The development of a dual extrusion blending process and composites based on thermotropic liquid crystalline polymers and polypropylene

Abstract

The overall objectives of this work were to improve a dual extrusion process (DEP) which is used to blend thermotropic liquid crystalline polymers (TLCPs) with thermoplastics, determine the mechanism by which TLCP morphology is developed in the DEP and to determine the optimal properties possible in composite materials generated from the blends. The DEP consists of two single screw extruders within which the TLCP and matrix material are plasticated separately. The two continuous polymer streams are joined and then mixed in a series of static mixing elements. Composite materials were formed from pelletized pregenerated strands by processing at temperatures below the melting point of the TLCP.

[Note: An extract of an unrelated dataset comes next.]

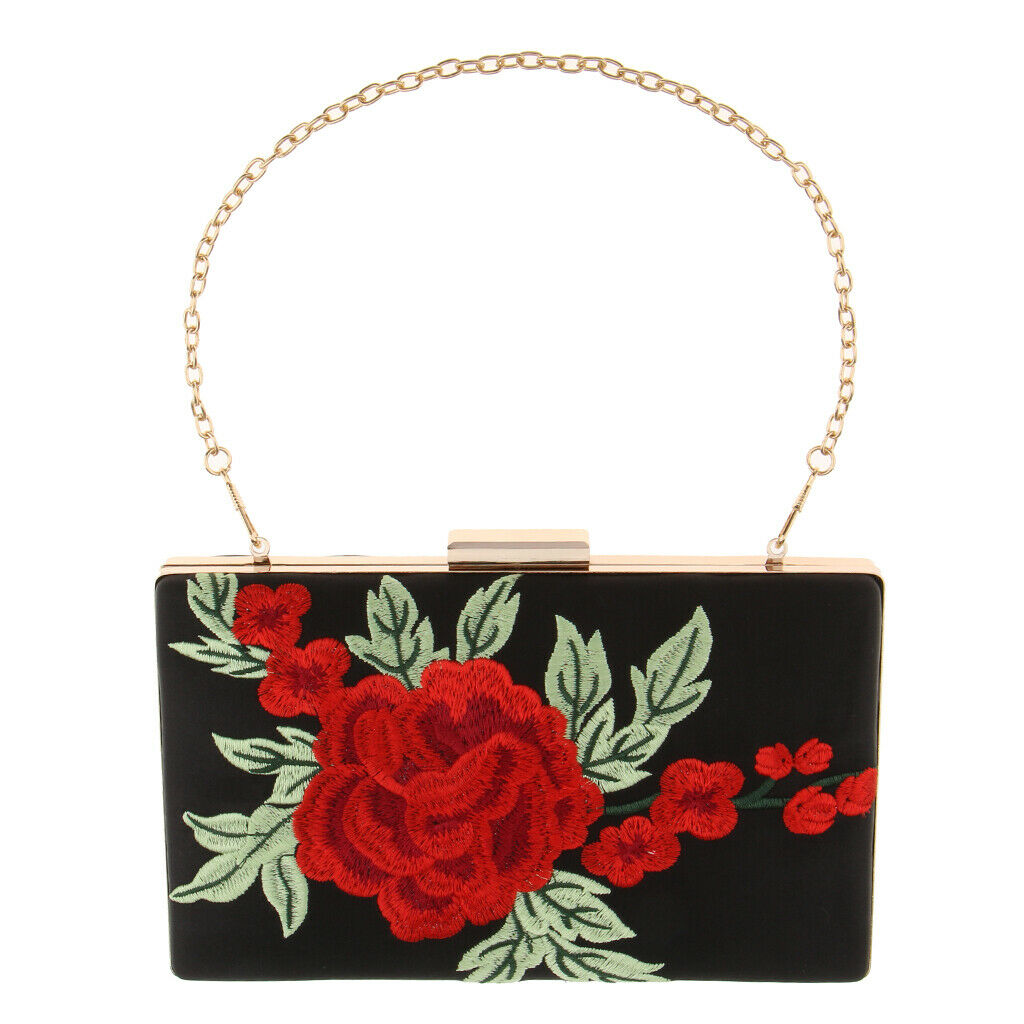 Elegant Embroidered Rose Flower Shoulder Chain Bag Evening Prom Clutch Purse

The DEP was improved by the addition of a gear pump to the TLCP stream, a multiple port phase distribution system, static mixing design, minimization of residence time, die design, and introduction of thermal control over the entire strand production process. The TLCP material was introduced into the matrix phase by means of a multiple port phase distribution system which injected 12 individual TLCP streams parallel to the flow direction of the matrix stream. This design resulted in improvements in the axial continuity of the TLCP phase during mixing and improved radial mixing as compared with a simple T-injection system. Both Kenics and Koch static mixer designs were evaluated in this investigation and it was found that the use of either could produce similar mechanical property enhancement in the resulting blends provided that an excessive number of elements were not used. Furthermore, it was found that the most stable strand materials were formed when the die was designed with respect to the flow exiting the static mixer elements. For example, a dual strand die with each capillary having an L/D ratio of 1 produced the most stable strands when used with the Kenics mixing elements. Finally, it was found that drawing the molten blend strand in a vertical drawing chimney provided a favorable thermal environment and resulted in much higher draw ratios and high mechanical properties of the strand.

The other objectives of this work including the development of morphology and composite materials produced from pregenerated strands is presented in two manuscripts formatted for submission to appropriate journals. Detailed abstracts dealing with these two topics are included therein.